Salvador Dalí era un trastornado, egocéntrico y depresivo que pintó “El gran masturbador”,  un cuando que no sólo reflejaba su obsesión por el sexo , sin llegar a saber si le gustaban las mujeres, los hombres o solo se deseaba a sí mismo, sino también su mentalidad narcisista que le conducía a considerarse el centro del universo.

La gente que es así sufre continuamente porque no se da tregua ni es capaz de descansar. Sueñan y se despiertan con un pensamiento que se repite indeetiblemeente. Se ven a si mismos en cualquier circunstancia, se observan, se analizan, se quieren, se rechazan, se torturan y, a pesar de ello, consideran que son geniales .

Son como un Sheldon Cooper moderno, pero con menos capacidad para hacer reír, y por eso viven un drama cuyo final desconocen y prefieren no imaginarlo.

Ese tipo de comportamientos también lo padecen personas menos brillantes y que carecen de la genialidad de los personajes , reales o de ficción, que acabo de citar, y por eso no resulta tan extraño encontrarse con tipos que se suben a la montaña rusa de la depresión y la euforia, y navegan por ella.

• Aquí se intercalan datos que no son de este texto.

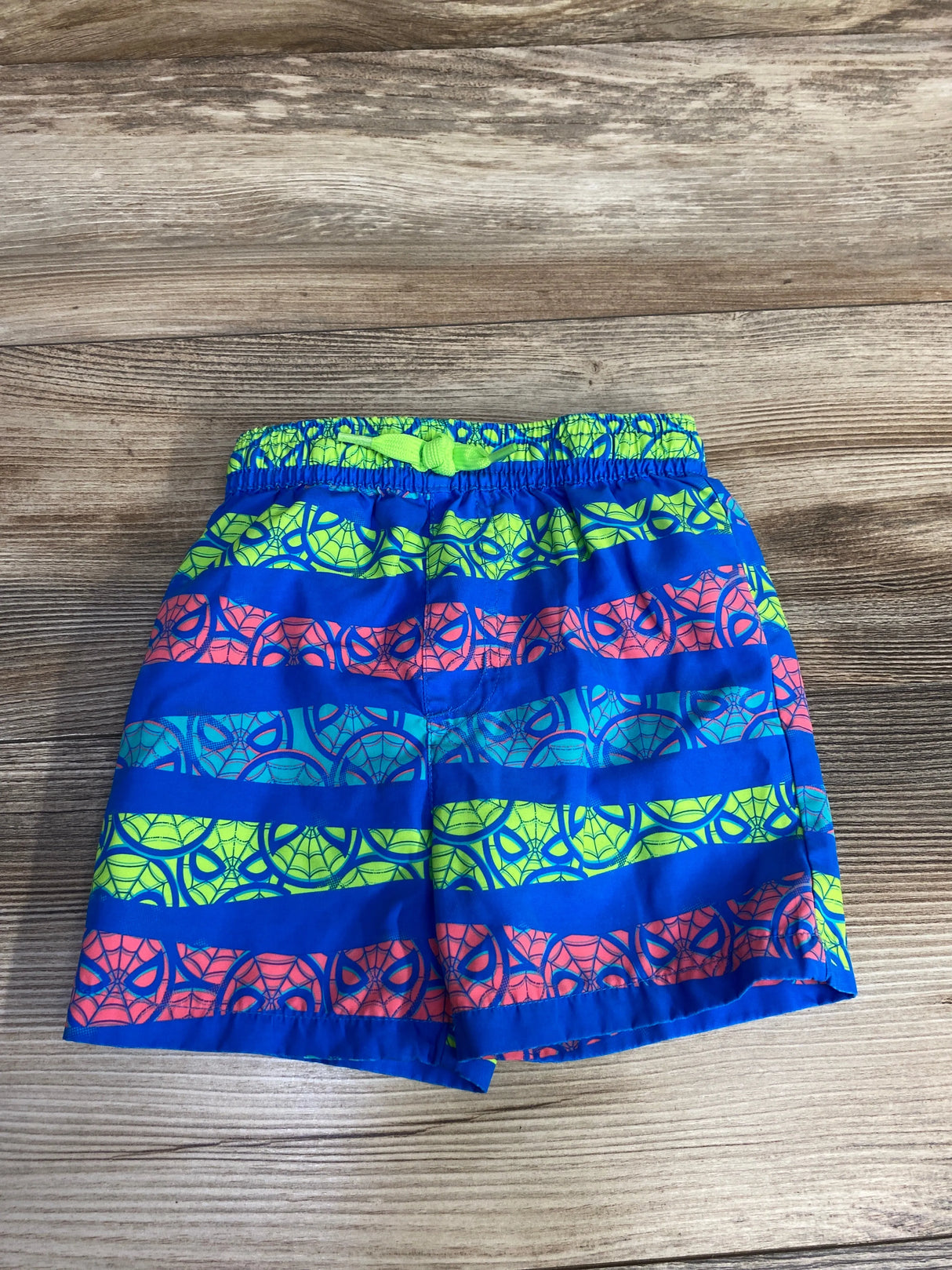 Jumping Beans x Marvel Spider-Man Swim Trunks Blue sz 12m - Me n Mommy To Be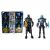 فیگور های 30 سانتی بتمن و مستر فریز به همراه 17 اکسسوری, تنوع: 6070243-Batman vs the Mr. Freeze, image 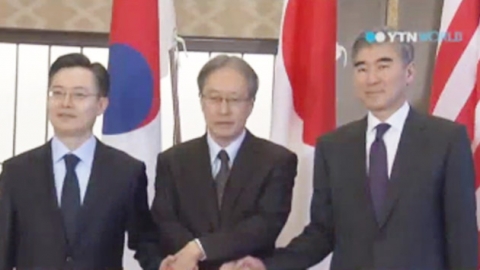 S.Korea, US, Japan to meet on N.Korean nuke issue May 26-27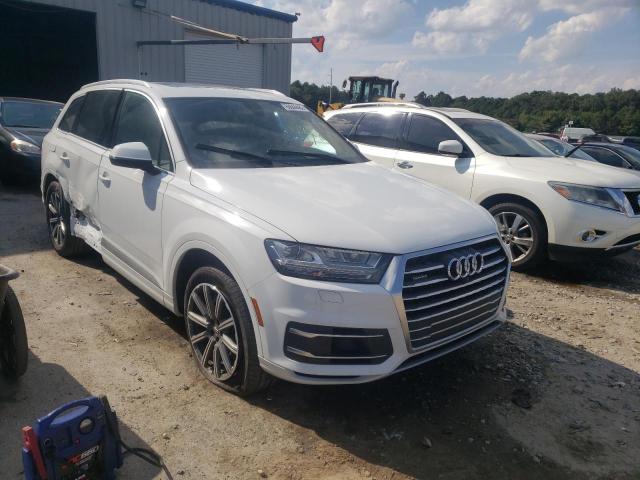 audi q7 premium 2017 wa1laaf73hd035750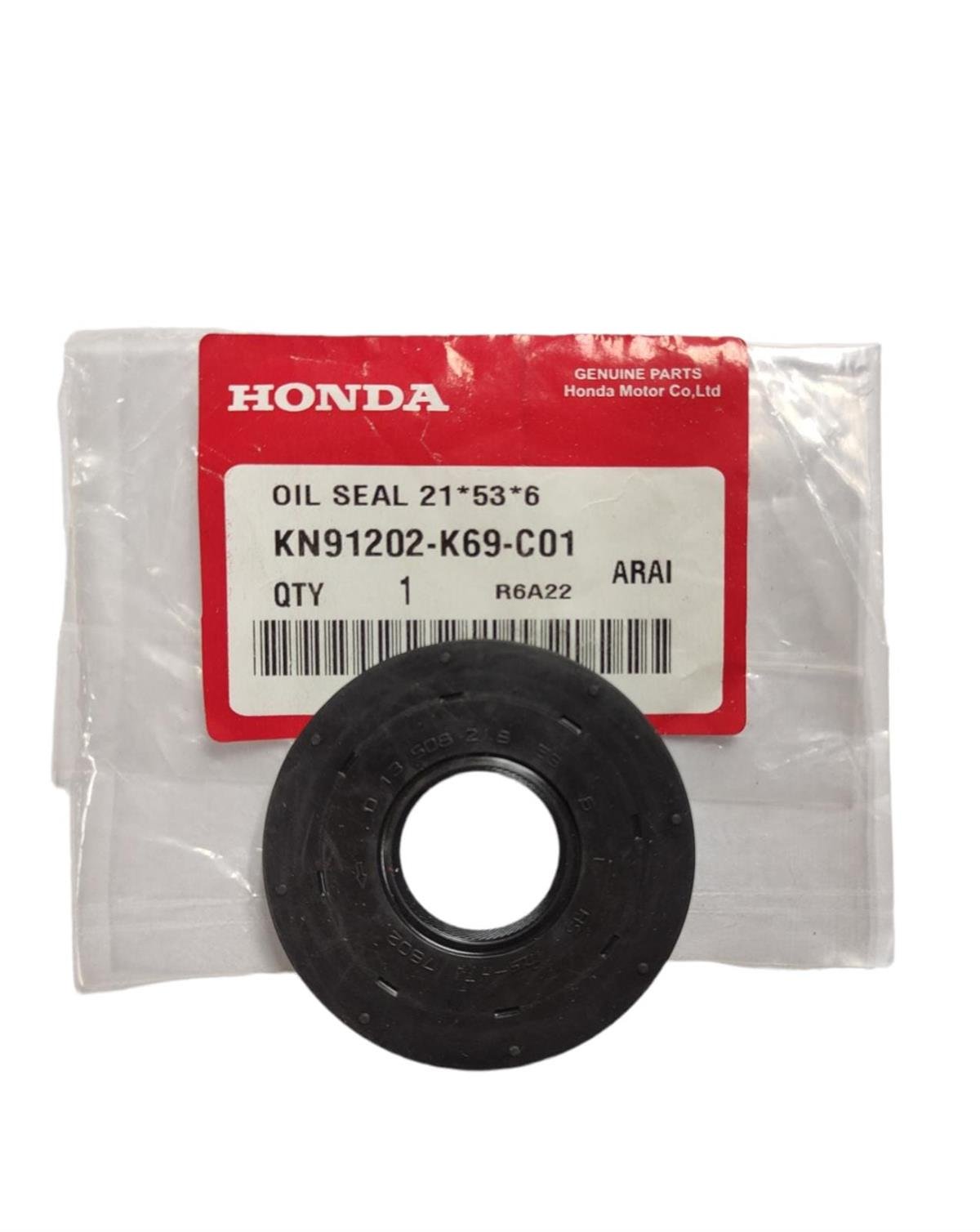 Honda Activa S Krank KeçesiHonda Activa S Krank Keçesi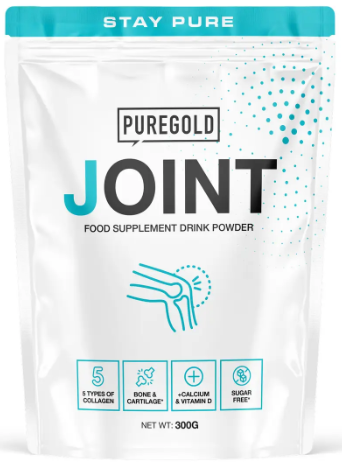 Комплекс для суглобів та зв'язок Pure Gold Joint 300 г бузина Київ - фото 1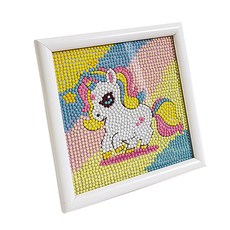 유니콘보석십자수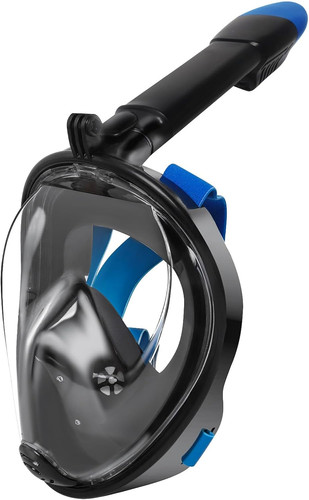 Snorkel mask full - snorkel,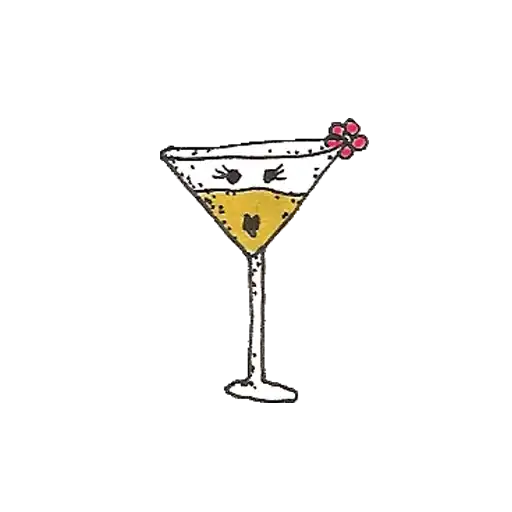 Sticker 🍸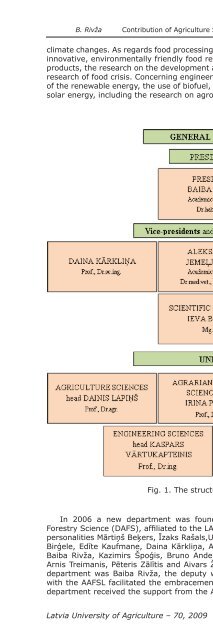 Latvia University of Agriculture - Latvijas LauksaimniecÄ«bas ...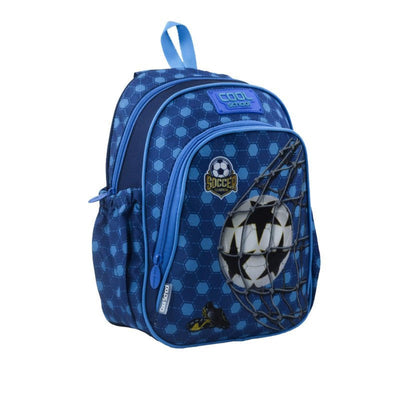 Sac à dos Kinder Foot Cool School taille "S"-Bagagerie-Librairie Oxford City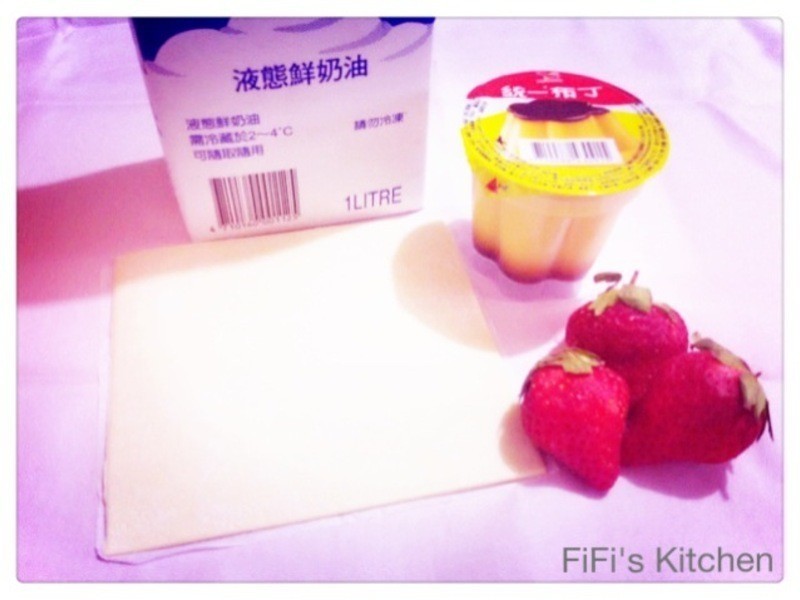 FiFi��s Kitchen - ��ݮ�����ɵ�����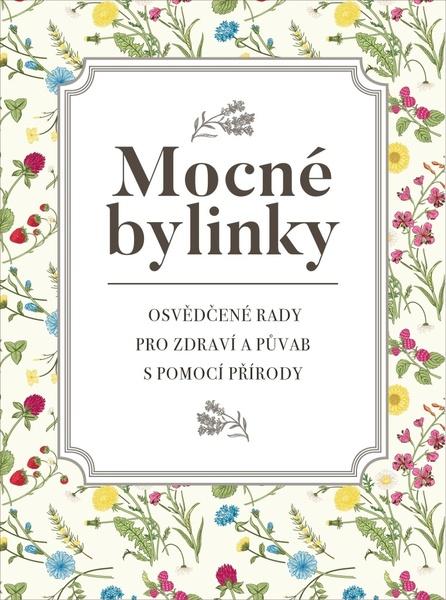 Mocné bylinky - 978-80-907772-3-1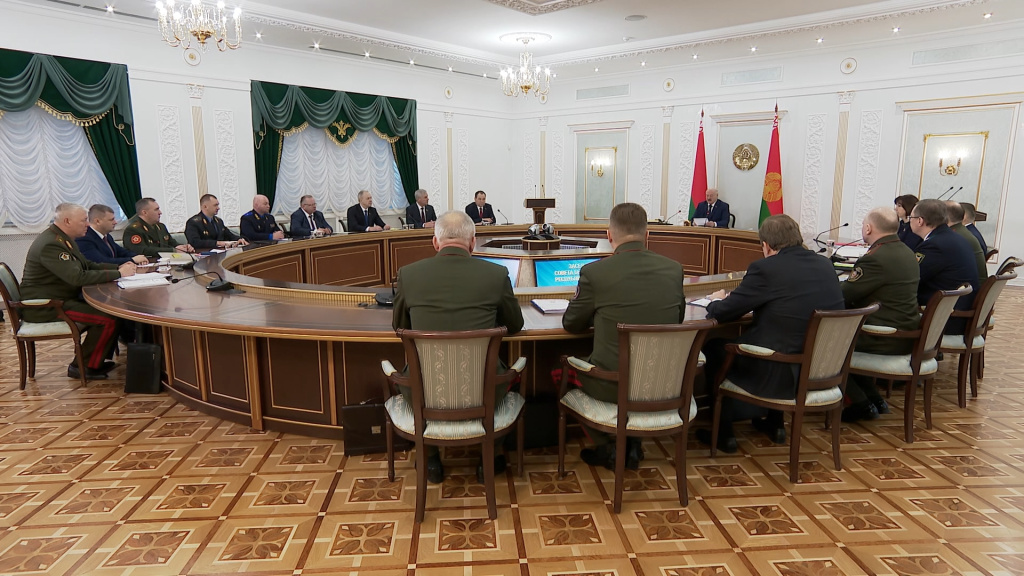 Адекватная реакция на все вызовы и угрозы: в Беларуси хотят обновить Концепцию национальной безопасности 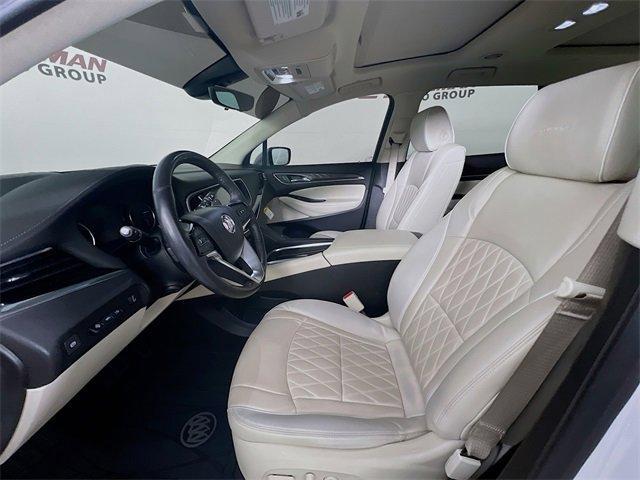 used 2023 Buick Enclave car, priced at $43,975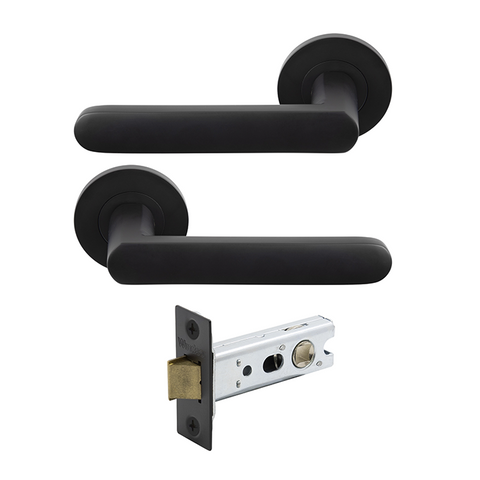 NIDO - Modella Passage Set - BLK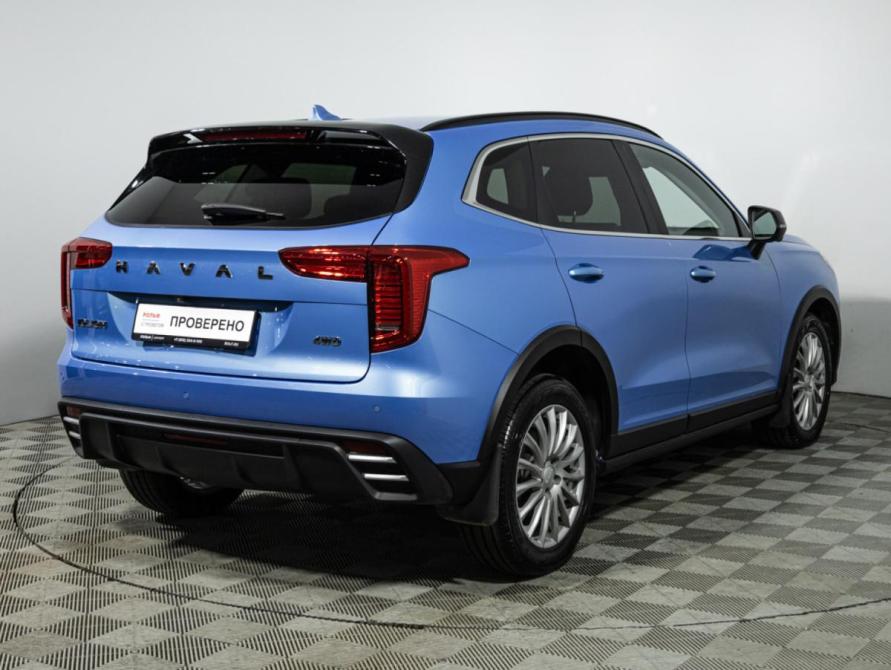 Haval Jolion I Рестайлинг Санкт-Петербург  - изображение 5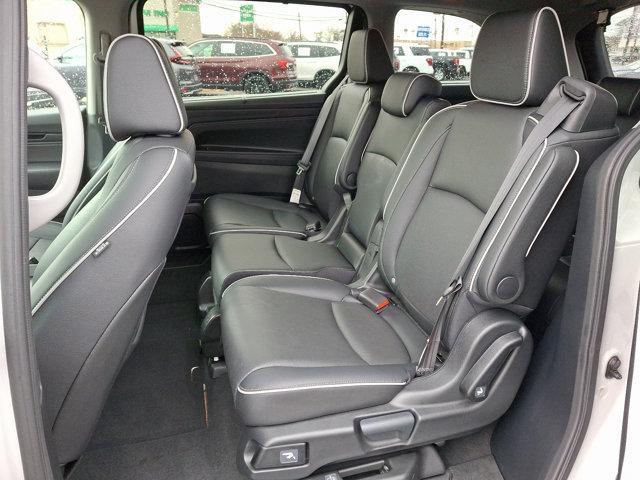 used 2023 Honda Odyssey car, priced at $44,553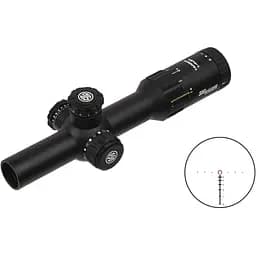 Приціл оптичний SIG Optics TANGO4, 1-4x24MM 556-762 HORSESHOE ILLUM RET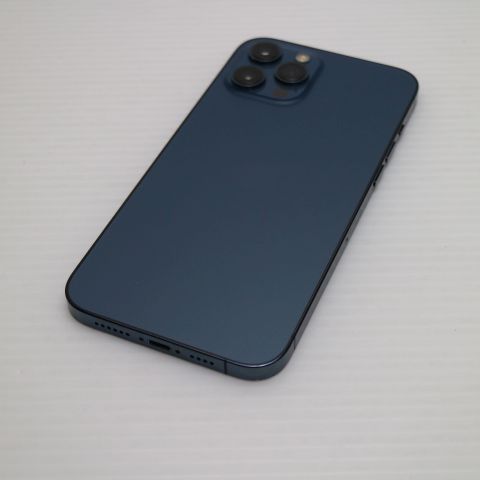 Ķ SIMե꡼ iPhone12 Pro Max 256GB ֥롼 ¨ȯ ȯ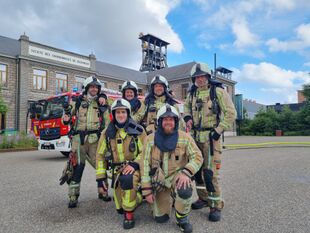 Start-to-Brandweer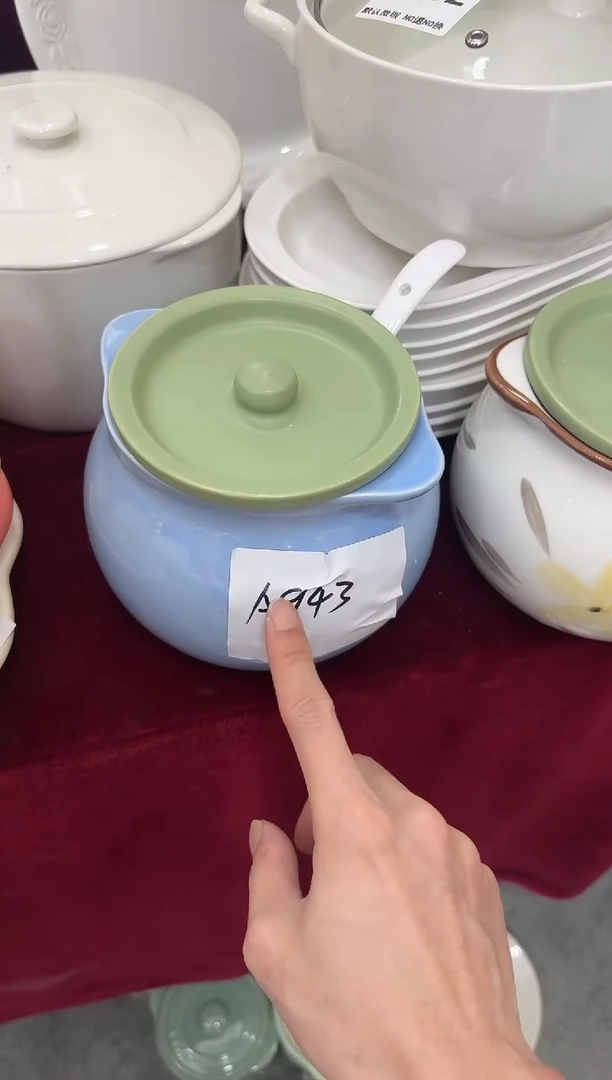 摆件陶A943  仓库微瑕陶瓷清仓福利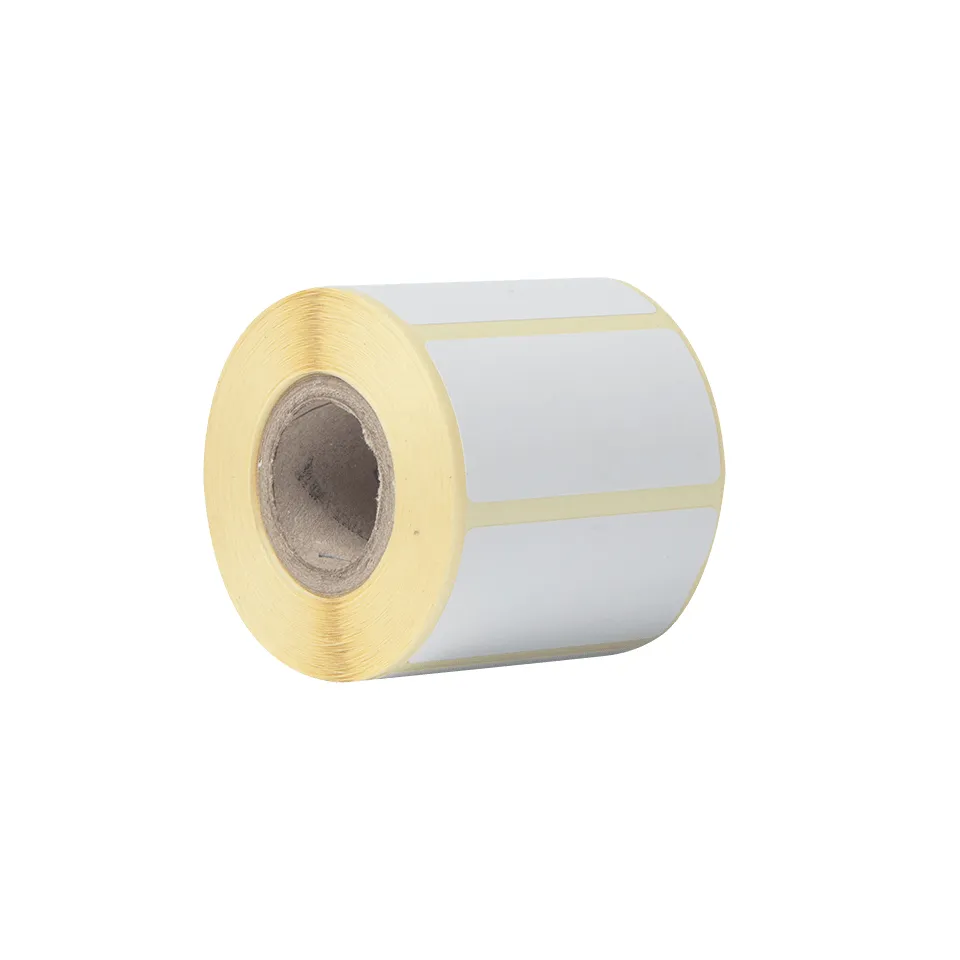 BROTHER DIRECT THERMAL LABEL ROLL 51X26 MM / 500 LABELS/ROLL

Conozco a un paisano que últimamente no tIene ganas de hablar ni siquiera consigo mismo, y aunque él es más de agarrar la pluma y emborronar papeles, estos días tampoco escribe, y ése es un síntoma chungo en cantidad, porque si abandona esa tabla de salvación puede acabar derrotado antes de llegar a la orilla.

Es uno de esos tipos que, como todos los personajes raros, se alimenta de sí mismo y de sus extraños pensamientos cuando esta a solas, y busca con frecuencia ese aislamiento aunque, en el fondo, necesita tener constancia de que los demás saben que aun existe.

Le he notado que lleva unos días más ” pallá que pacá”  y me malicio que es porque ha tenido algún momento triste y premonitorio en el que, algunas palabras antiguas o silencios presentes, han retumbado en los oídos de su conciencia y se ha sentido, más que solo, ignorado.

Yo le entiendo porque, aunque algunos creen que los escritores hacen su trabajo por comunicarse con los demás no es cierto ; lo que de verdad les urge es saber que están vivos aunque quienes los leen no lo sepan.

Son unos narcisistas masturbadores que disfrutan con su propio aplauso, primero y con el de los demás, después.

Saben que cuando no están satisfechos on lo que escriben no se merecen ser leídos ,  y por eso antes rompían cuartillas y ahora borran o eliminan textos de wordpress.

Mi amigo es de esos , y cuando pasa por una de esas fases fuma mucho y bebe más, pero yo confío en que volverá a ser el que era porque, incluso para los malditos, existe la esperanza.